- Problem description
Beneath this line sits some data. Return only its lines from the one holding "Gucci Calfskin Matelasse" through the one holding "Stiliyan Petrov claret", inclusive, exactly, with the images removed.

= = = =

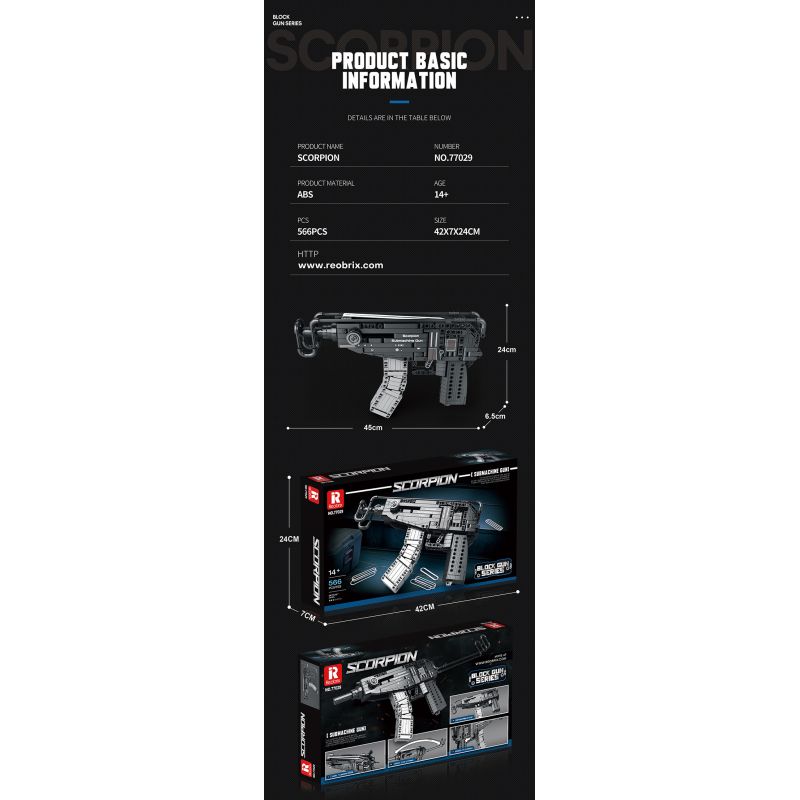 REOBRIX 77029 non  SÚNG TIỂU LIÊN BỌ CẠP bộ đồ chơi xếp lắp ráp ghép mô hình  SCORPION SUBMACHINE GUN Kỹ Thuật Công Nghệ Cao Mô Hình Phương Tiện 566 khối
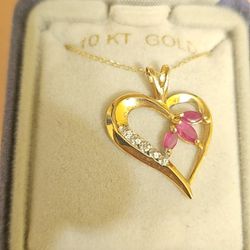10K Gold Spinel And Diamond Heart Pendant Link Chain Necklace 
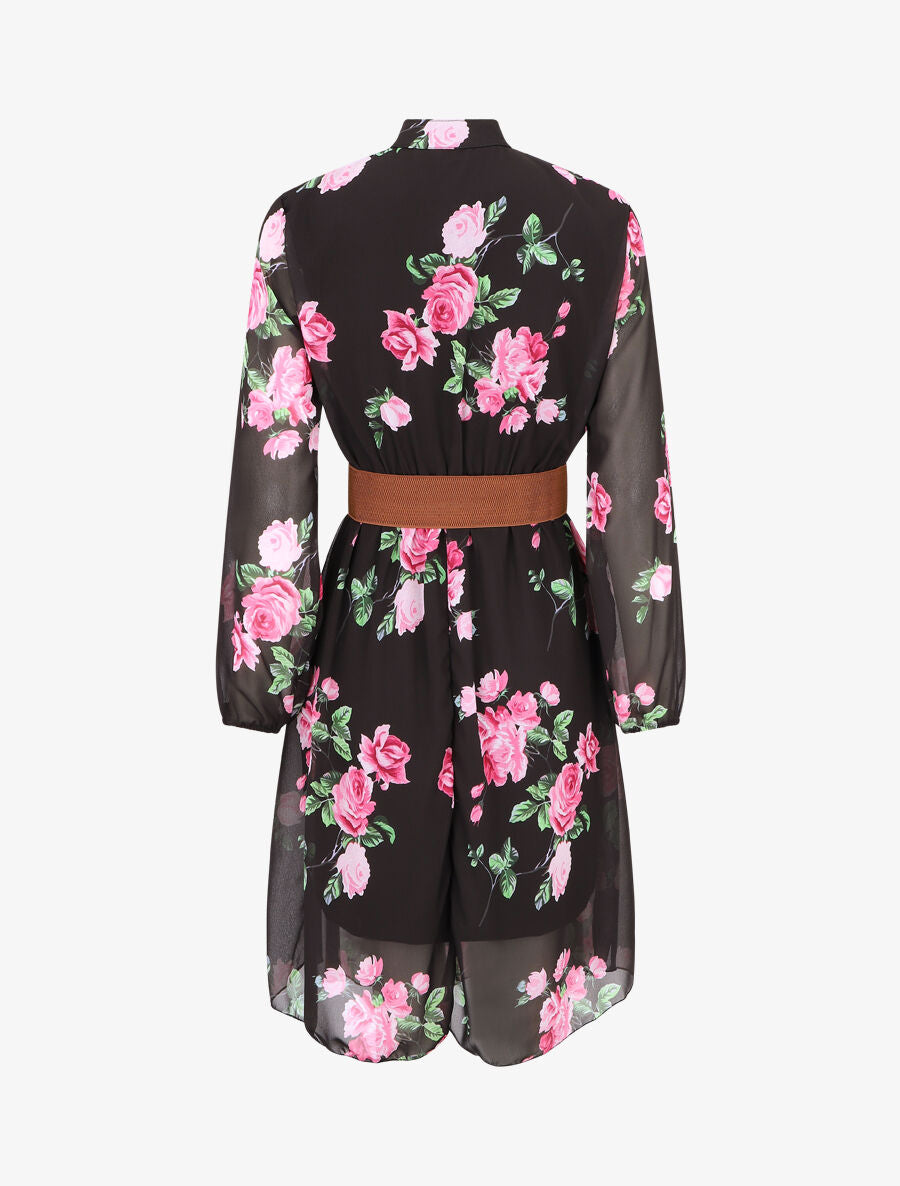 Robe élastiquée à imprimé fleuri - Noir - 2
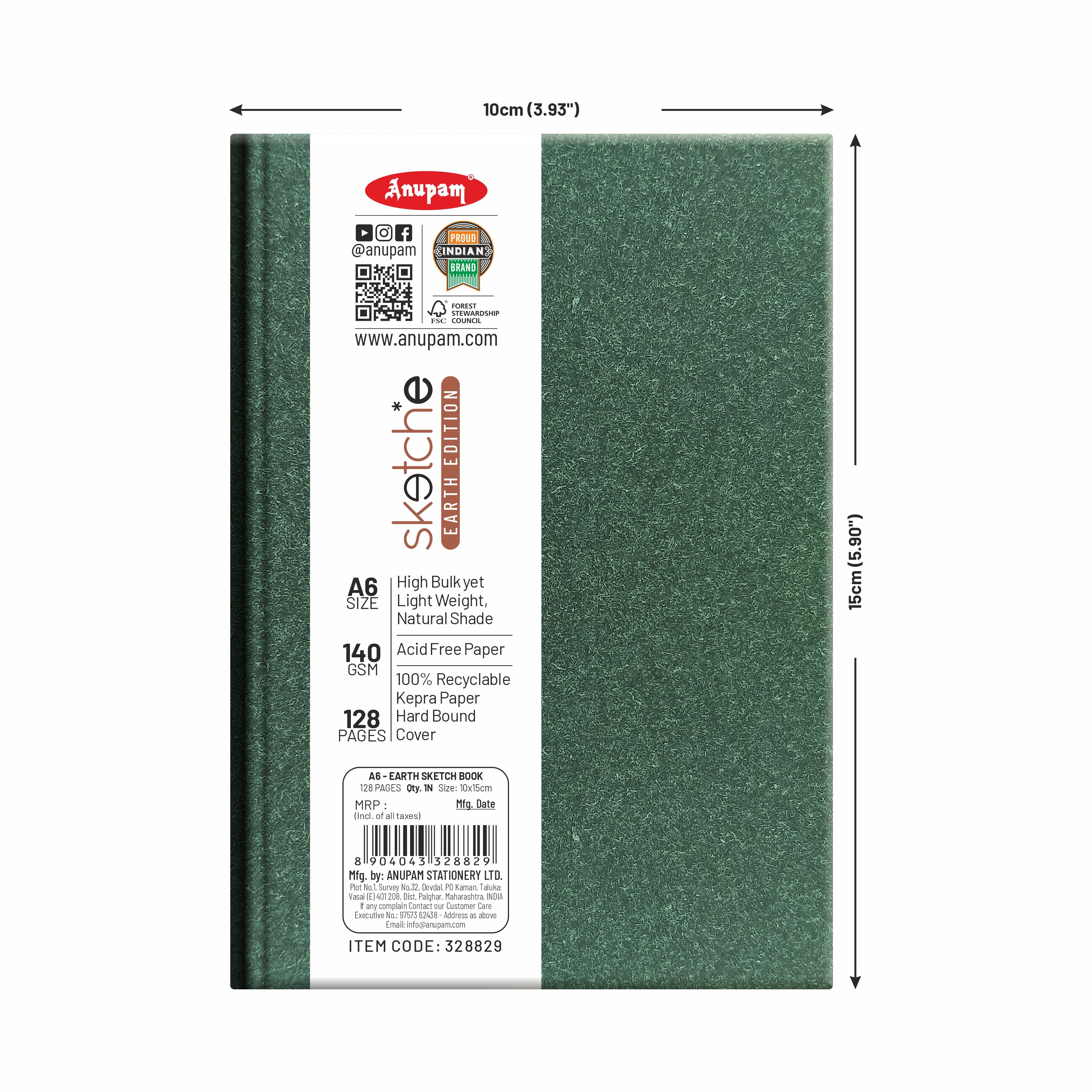 Anupam Earth Sketch-E Drawing Book-Cartridge Paper-100% Recycled Hardbound Book-140GSM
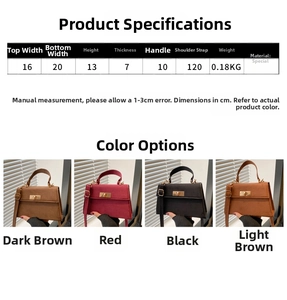 Size chart showing dimensions for the minimalist crossbody square bag in multiple colors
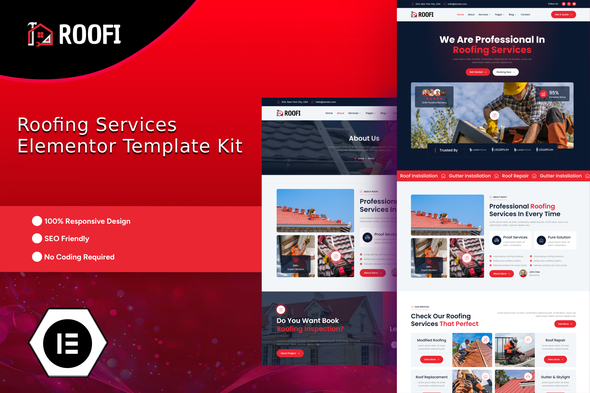 Roofi - Roofing Services Elementor Template Kit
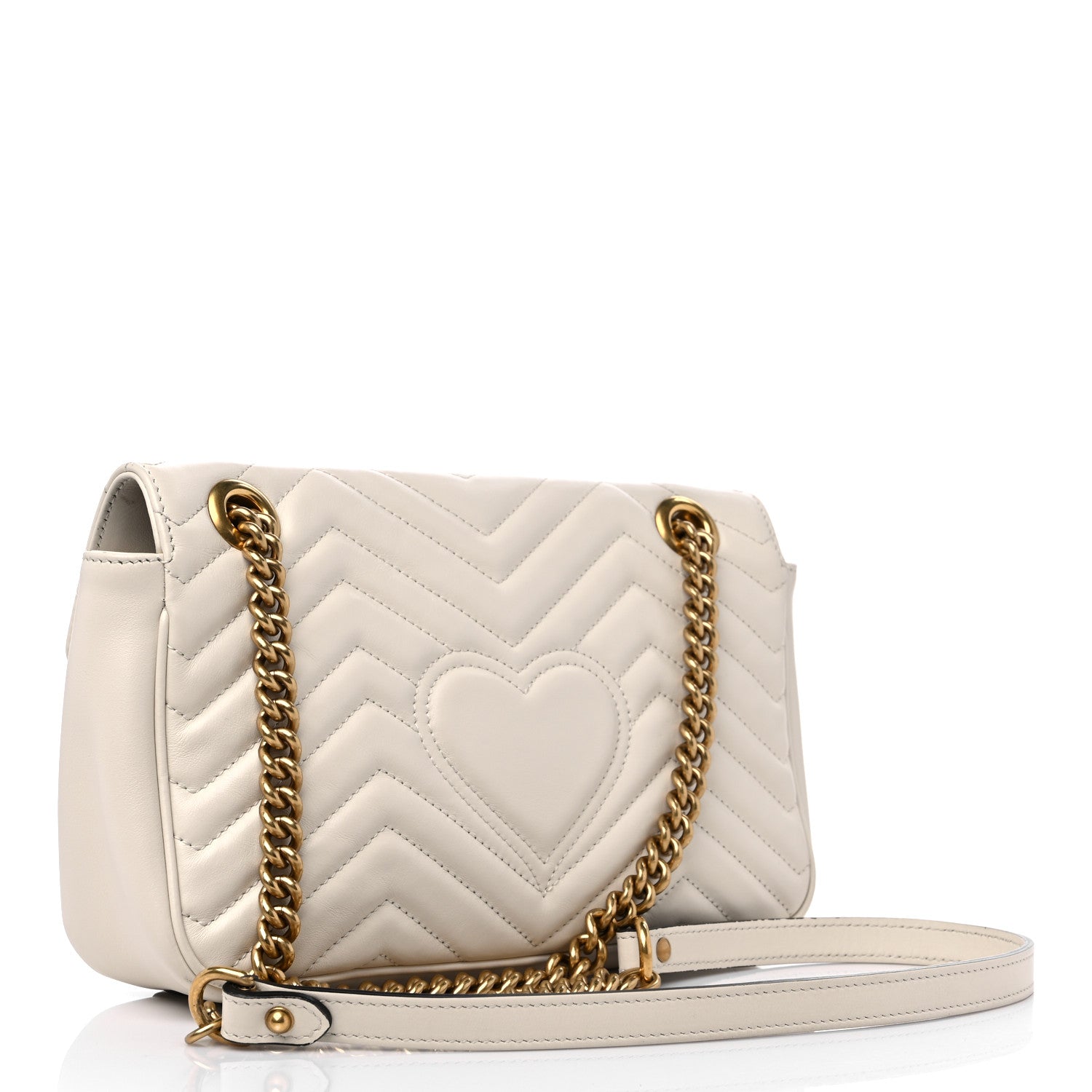 Gucci Calfskin Matelasse Small GG Marmont Shoulder Bag White 2 of 11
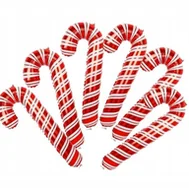 Balony i akcesoria - Balon Foliowy Świąteczny Boże Narodzenie Laska Lizak CZERWONY 35*82cm 6 szt. - miniaturka - grafika 1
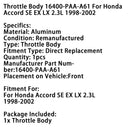 Throttle Body 16400-PAA-A61 For Honda Accord SE EX LX 2.3L 1998-2002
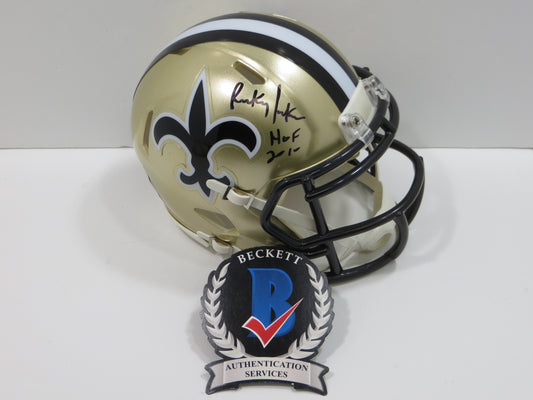 RICKEY JACKSON NEW ORLEANS SAINTS SIGNED RIDDELL MINI HELMET w/HOF 2010 BAS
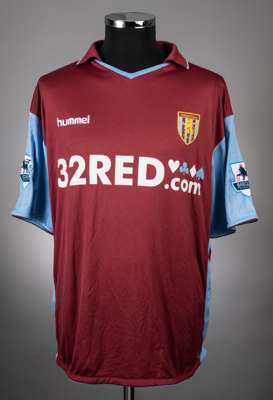 Stiliyan Petrov claret and blue No.11 short-sleeved jersey, 2006-07, 
 Hummel, size 42/44, with v-neck collar and embroidered cloth badge inscribed AS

= = = =

- Your solution
 Gucci Calfskin Matelasse Small GG Marmont Shoulder Bag White 2 of 11
 Balony i akcesoria - Balon Foliowy Świąteczny Boże Narodzenie Laska Lizak CZERWONY 35*82cm 6 szt. - miniaturka - grafika 1
 Throttle Body 16400-PAA-A61 For Honda Accord SE EX LX 2.3L 1998-2002
 RICKEY JACKSON NEW ORLEANS SAINTS SIGNED RIDDELL MINI HELMET w/HOF 2010 BAS
 Stiliyan Petrov claret and blue No.11 short-sleeved jersey, 2006-07, 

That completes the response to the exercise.